Dig into the history of nuclear medicine and you’ll discover some surprising facts. For example, did you know that PET scanners look inside the patient's body for matter-antimatter annihilation events? When a positron emitted by a radioactive tracer encounters an electron, the particles literally destroy each other, leaving only a pair of gamma rays flying off in opposite directions. But that’s jumping ahead in the story. It all started when Henri Becquerel discovered radioactivity by accident. Then Ernest Rutherford acquired basic knowledge about the structure of atoms through incredibly simple “table top” experiments—the likes of which we may never see again. And Marie Curie earned Nobel Prizes in two different scientific fields for, among other things, extracting a tenth of a gram of radium chloride from a ton of pitchblende.
Interesting things also happened when nuclear physics met biology. In 1913, George de Hevesy showed that radioactive tracers can be used to track specific molecules absorbed by plants. Hermann Blumgart took that idea a step further in the 1920s, applying radioactive tracers to medical research. By the 1940s, doctors successfully treated thyroid cancer with what they dubbed an “atomic cocktail.”
Nuclear imaging took off with the development of single photon emission computed tomography (SPECT) and positron emission tomography (PET). Despite their formidable names, SPECT and PET are simply two different ways of displaying metabolic activity—useful for detecting cancers (which are glucose gluttons) and assessing the effectiveness of various treatments. Which one is more appropriate depends on the application. A CT scan can show that there is a tumor; a SPECT or PET scan can show what the tumor is doing. Combine SPECT or PET with CT, and you can match the metabolic activity map to the patient’s anatomy with precision.

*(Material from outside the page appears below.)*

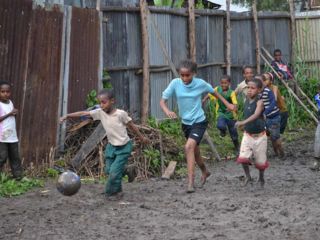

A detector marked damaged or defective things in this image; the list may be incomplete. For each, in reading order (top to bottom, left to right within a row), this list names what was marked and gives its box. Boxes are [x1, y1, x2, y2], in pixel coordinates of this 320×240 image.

rusty metal sheet [66, 7, 99, 112]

Radiation therapy is another important application—crucial to treating many types of cancer. A common trick of the trade is to aim multiple, low-level radiation beams coming from different directions at the target. Only tissue at the point of intersection is destroyed by systems such as the Gamma Knife and Cyberknife. Proton therapy adds another twist, taking advantage of the Bragg peak—the tendency of protons to unload most of their energy in the last few millimeters of travel. The major drawback is that proton therapy requires large and very expensive particle accelerators. Again, the best approach depends on the specific application.
Progress in treating HIV suggests that keeping diseases at bay for long periods may sometimes be more practical than hunting for cures. Perhaps radiation therapy can be improved to the point that it enables physicians to contain most cancers. A combination of nanotechnology and radioactivity may be the key, making it possible to track down and kill individual cancer cells.
There is one other exciting application for radioactivity in medicine—if we can muster the courage to embrace it. The energy locked in atoms can be used to power implantable medical devices for ten years—far longer than chemical batteries. Nuclear-powered pacemakers were introduced at one time, but people freaked out over the Chernobyl and Three Mile Island accidents, and the products were discontinued.
All in all, nuclear medicine has experienced its ups and downs, but it has not lost its glow.